To obtain the direction as numpy array, `InterfaceGAN` needs a set of latent codes and their corresponding attribute 
values. The following files support that process:

* `batch_generate_birds.py` generates bird images using random latent codes. The latent codes are stored in
`noise_vectors_array.npy` and image information, including file location, is saved in the `metadata_file.csv` file.
* `organize_image_folder.py` will organise images in the [Caltech-UCSD Birds](http://www.vision.caltech.edu/visipedia/CUB-200.html)
into train and validation folders for an specific attribute from `attributes.txt`. This is needed for training a feature 
  predictor for that attribute.
* `train_feature_predictor.py` will train a transfer-learning based feature predictor, using the folder organised via 
`organize_image_folder.py` as data input.
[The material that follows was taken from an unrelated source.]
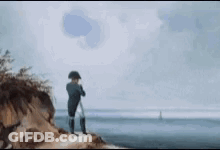 A Man Is Standing On Top Of A Cliff Overlooking The Ocean Looking Through Binoculars . GIF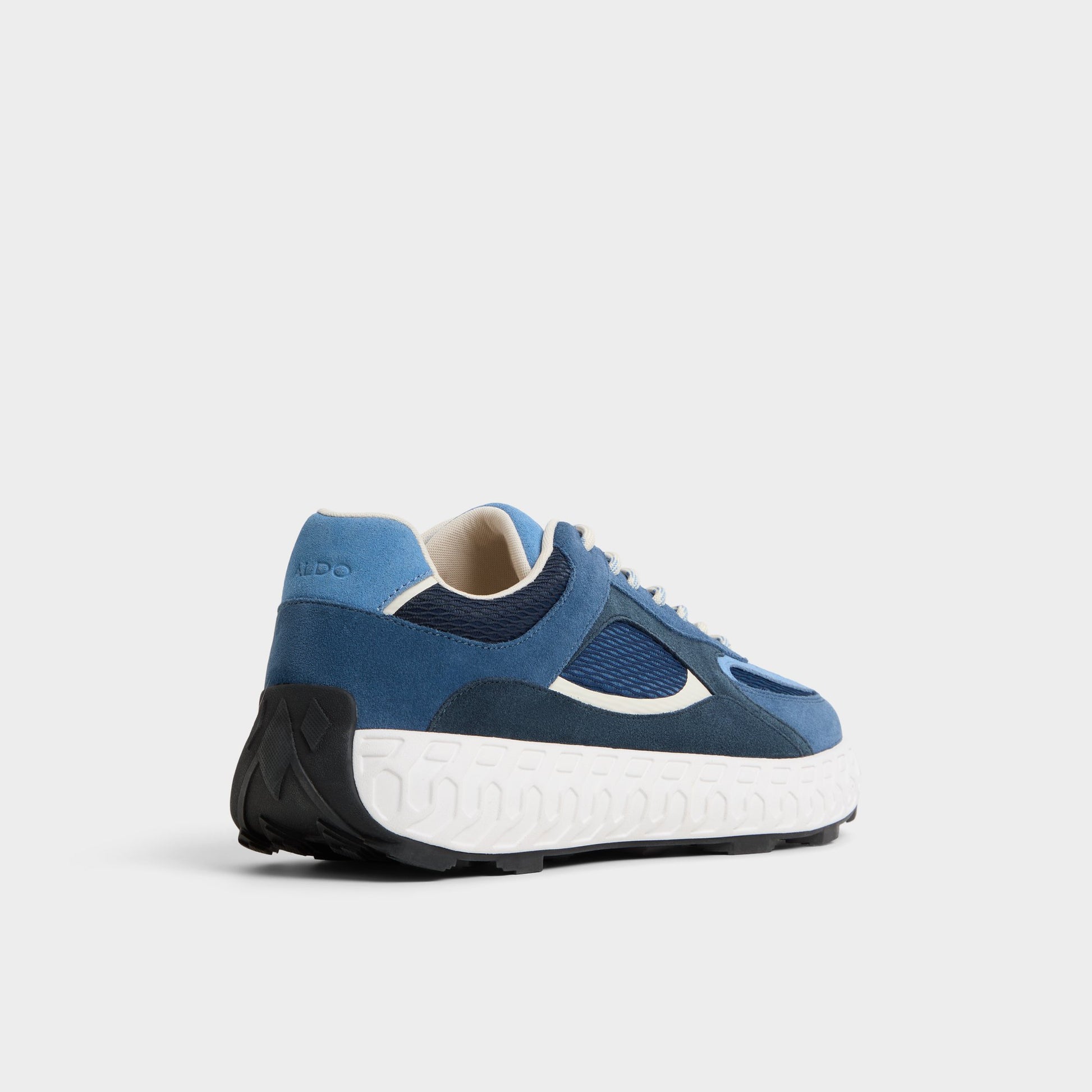 Three-quarter angle of Navy Stryker Low top sneaker's back side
Model state will be stored in the `feature_predictor.pt` file.
* `batch_predict_feature.py` will predict the value of a feature using the model trained with 
  `train_feature_predictor.py`, over images generated using the `noise_vectors_array.npy` latent codes. 
  Features values will be stored in the `predictions.npy` numpy array.
  
We can later feed `noise_vectors_array.npy` and `predictions.npy` to the `train_boundary.py` module of `InterfaceGAN` 
to obtain the direction for attribute manipulation.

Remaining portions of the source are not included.